I’ve stood on the sidelines for practices and games – pro and college – and just the sound of the violence is, at times, horrific. Watching from the sanitized confines of our family rooms or even from a safe distance in the stands isn’t the same.
The closer you get, the uglier the game becomes.
I grew up a big boxing fan. One of my childhood thrills was when my father took my younger brother and me to see Muhammad Ali fight an exhibition in Orlando. We both touched his sweaty chest as he waded through the crowd afterward. If there was anyone who sure seemed larger than life, it was Ali.
Years later, when I worked in Los Angeles, I angled to become my newspaper’s boxing writer, especially since many of the big matches were in Las Vegas, which wasn’t too far away to routinely cover.
My first assignment was a Randall “Tex” Cobb match in Reseda, Calif. The several of us there from the media sat ringside, front row. What we witnessed was beyond brutal, but thankfully it didn’t last long. Cobb was knocked out late in the first round, but not before some of his blood splattered on us. I never imagined a man could be beat up so badly, so quickly.
Almost immediately afterward, we were ushered into Cobb’s dank dressing room, where he laid on a table, moaning his way through an interview, his face swelling and discoloring in real time.

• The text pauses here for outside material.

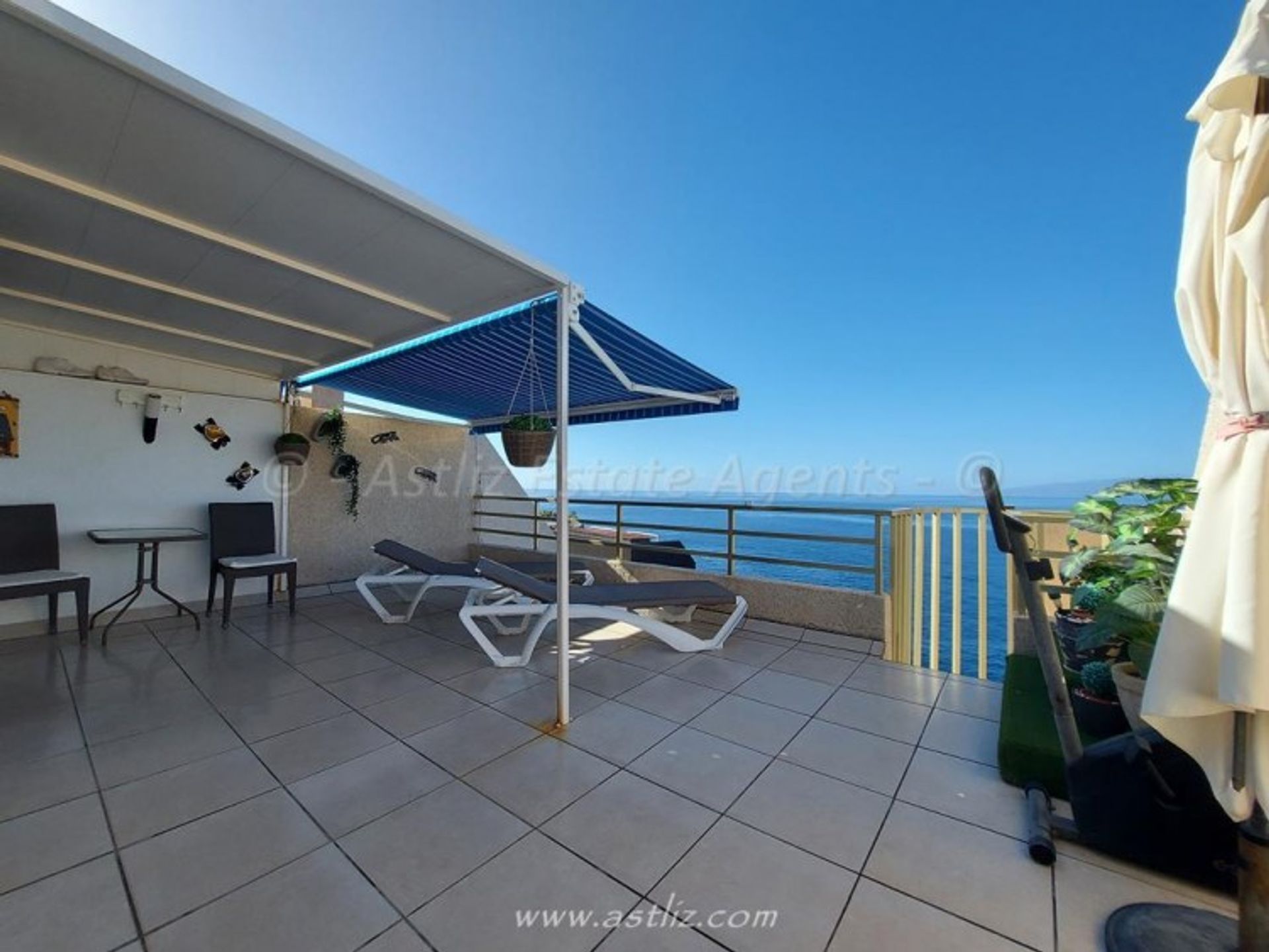 Condominio en Guía de Isora, Canarias 11541290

It was, in fact, too real.
It made me pause to reflect on what pleasure I got from such brutality.
I never attended or watched another boxing match again.

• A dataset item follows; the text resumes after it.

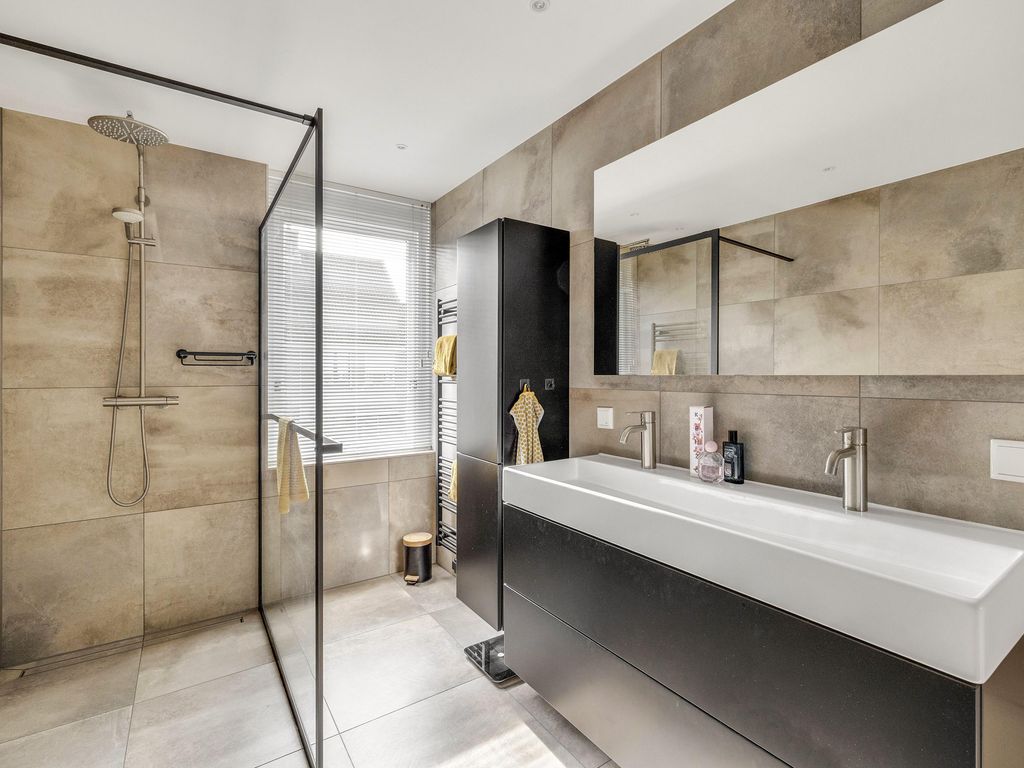 Sparregat 8, BRIELLE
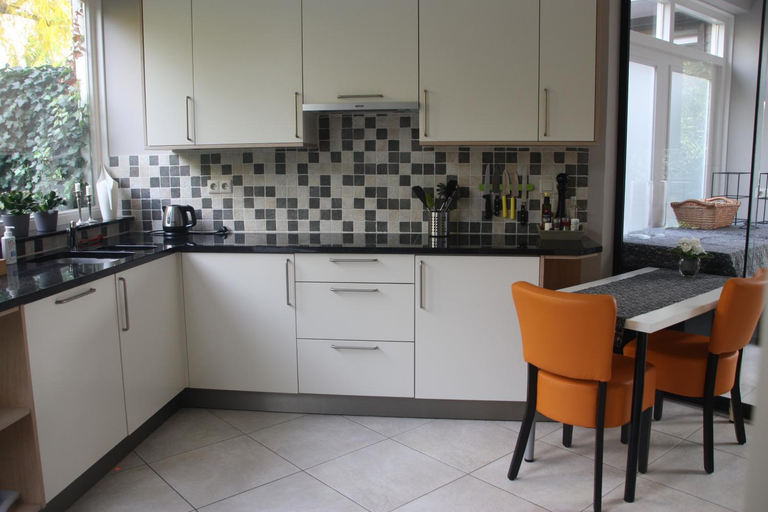 Others 4, tisOKE, Vught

I wonder, sometimes, if I’m headed that way with football.
Junior Seau has made me pause.
It’s not just me, though.
Just listen to some former greats, and what they have to say.

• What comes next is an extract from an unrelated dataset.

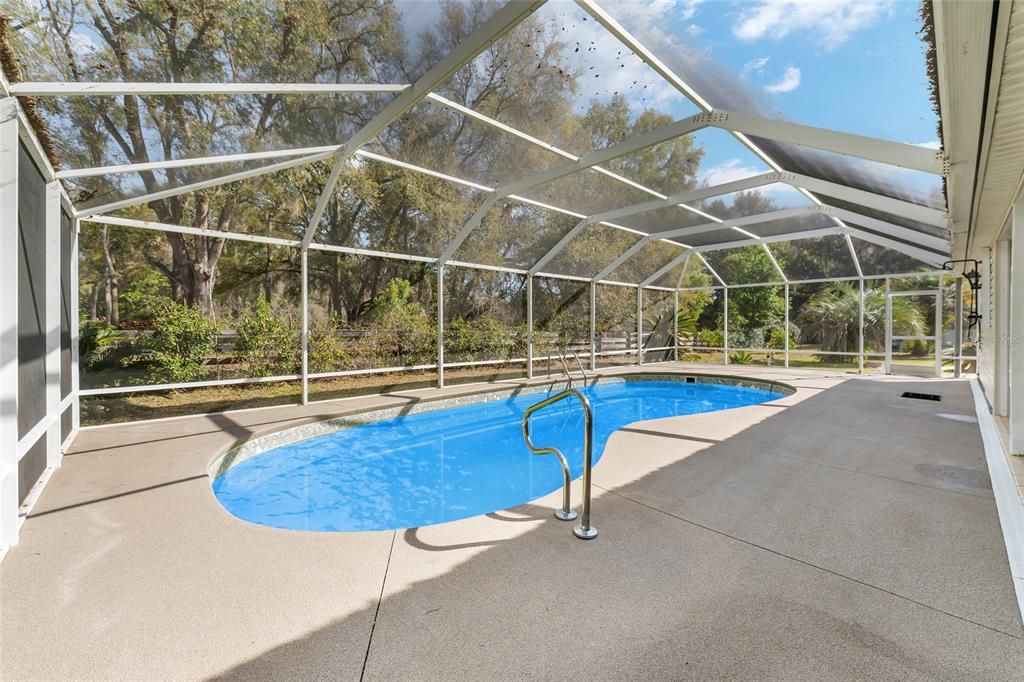 For Rent: $2,750 (3 beds, 2 baths, 1866 Square Feet)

From former wide receiver Cris Carter, on why he put bounties on opposing players, like Bill Romanowski, because he was convinced they were out to maim him:
“Romo says the bounty didn’t work … yes it did work,” Carter said this past week on ESPN. “It absolutely did work because I got through the game healthy. Here I am 46 years old and I never had a concussion. Here I am 46 years old and I don’t have memory loss. For me the bounty did work. That was money well spent.”
Emmitt Smith, the great Hall of Fame running back and former Florida Gator legend, might not be so lucky.
“Why wouldn’t I worry?” Smith told the Fort Worth Star-Telegram a few days ago. “The evidence is starting to pile up. You are talking to a guy who carried the ball more than anybody in NFL history. So why wouldn’t I worry? I pray about it.”
Many parents are now wondering whether allowing their sons to play football is worth the risk. Not all of those parents are over-protective soccer moms, either. Just listen to what former quarterback great Kurt Warner, who suffered multiple concussions, had to say:
“It scares me to think about the possibilities, the injuries that I see from youth football all the way up to the NFL. It doesn’t mean my kids don’t play. My kids have played and continue to play, but it’s something I worry about. I worry about what my next 20 years will look like. I worry about the hits I took over the last 30 years playing football, and I worry if my kids continue to play, what that could mean for them.”
Shrill? I don’t think so.
The evidence is mounting against football, and it isn’t good:
• Two weeks ago, former Atlanta Falcons safety Ray Easterling, 62, shot and killed himself. His wife said that following his football career, her husband suffered from depression, insomnia and dementia. Easterling was part of a lawsuit against the NFL relating to how the league dealt with brain trauma and concussion-related injuries.
• Last year, former Chicago Bears great Dave Duerson committed suicide in similar fashion to Seau, shooting himself in the chest. Only 50, Duerson asked that his brain be donated to science for examination. It solidified the worst fears – that he had chronic traumatic encephalopathy, a head trauma-induced disease.
• In 2006, former Philadelphia Eagle Andre Waters shot and killed himself. Later, a forensic pathologist said Waters’ brain tissue resembled that of an 85-year-old man in the early stages of Alzheimer’s. Waters was 44.
And there’s more. Too, too many more.
The alarm had already sounded.
Junior Seau’s suicide only ramped up the volume and intensity.